Antonin Scalia graduou-se na Universidade de Georgetown e na Universidade de Friburgo (Suíça); obteve doutorado na Faculdade de Direito da Universidade Harvard; foi bolsista da Universidade Harvard de 1960 a 1961; exerceu a advocacia em Cleveland, Ohio, de 1961 a 1967; professor de direito da Universidade de Virgínia de 1967 a 1971; professor de direito da Universidade de Chicago e professor visitante das Universidades de Georgetown e Stanford de 1977 a 1982; presidente da Conferência de Presidentes Seção de 1982 a 1983.

Scalia ocupou também cargos no governo federal como advogado-geral da Oficina de Política de Telecomunicações de 1971 a 1972; presidente da Conferência Administrativa dos Estados Unidos de 1972 a 1974; subprocurador-geral para a Direção de Assessoria Legal de 1974 a 1977; juiz do Tribunal de Apelações do Distrito de Columbia de 1982 a 1986.

Em 26 de setembro de 1986, Scalia assumiu o cargo de juiz da Suprema Corte dos Estados Unidos, nomeado pelo presidente Ronald Reagan.  
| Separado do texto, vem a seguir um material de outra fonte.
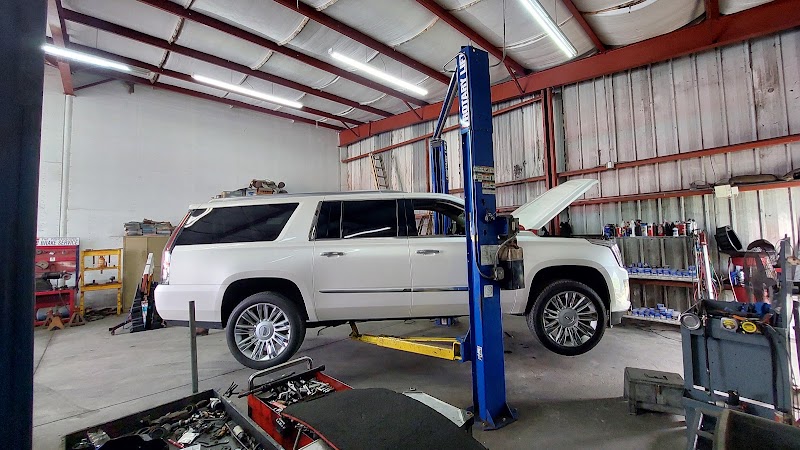 Carlos Automotive photo 2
O juiz ou justice Antonin Scalia foi considerado um ícone do pensamento conservador norte-americano. Segundo o presidente da Suprema Corte Americana, John Roberts, Scalia era “um indivíduo e um jurista extraordinários, admirado e celebrado por seus colegas; e sua morte, aos 79 anos, foi uma grande perda para a Corte e para o país a que ele serviu de maneira tão leal”.
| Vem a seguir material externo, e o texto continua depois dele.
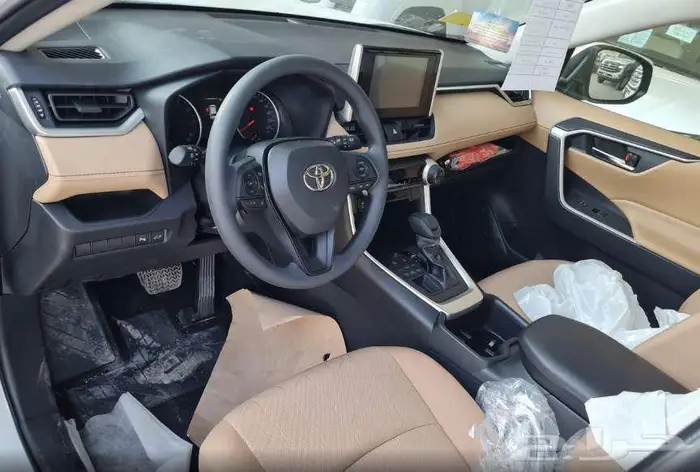 تويوتا راف فور XLE موديل 2025 عرض خاص 8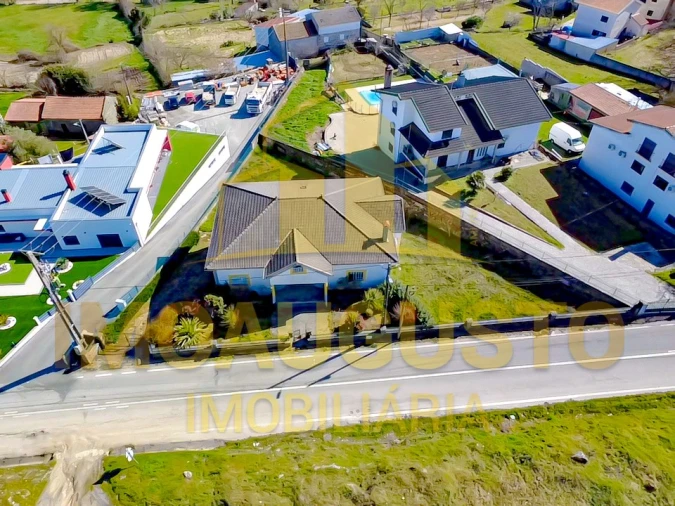 Moradia T4 para Venda em Guarda Foto 3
A revista The New Yorker, em 2005, publicou um perfil do justice contando como ele foi um dos grandes responsáveis por um “renascimento das teorias conservadoras” nos EUA. Ele foi um grande defensor do originalismo, teoria segundo a qual o texto constitucional é estático e perene, e deve ser interpretado à literalidade, conforme a “vontade do constituinte” – em contraposição ao pensamento considerado mais liberal, que defende a adaptação dos dizeres constitucionais à realidade social de cada época.

Uma reportagem do jornal The New York Times publicada no dia da sua morte, afirmava que Scalia era considerado por sua “argumentação cáustica”, o que afastava até mesmo potenciais aliados. Ao longo dos anos, segundo o jornal, suas ideias jurídicas passaram de “idiossincráticas” a populares, e começaram a ser propagadas não apenas nos meios ligados ao Direito.

Em 2011, o juiz Richard Posner, de uma Corte de apelações nos EUA, escreveu na revista The New Republic: “Scalia é o justice mais influente do último quarto de século”, principalmente por conta da publicidade que sua forma de defender ideias garantia à Suprema Corte.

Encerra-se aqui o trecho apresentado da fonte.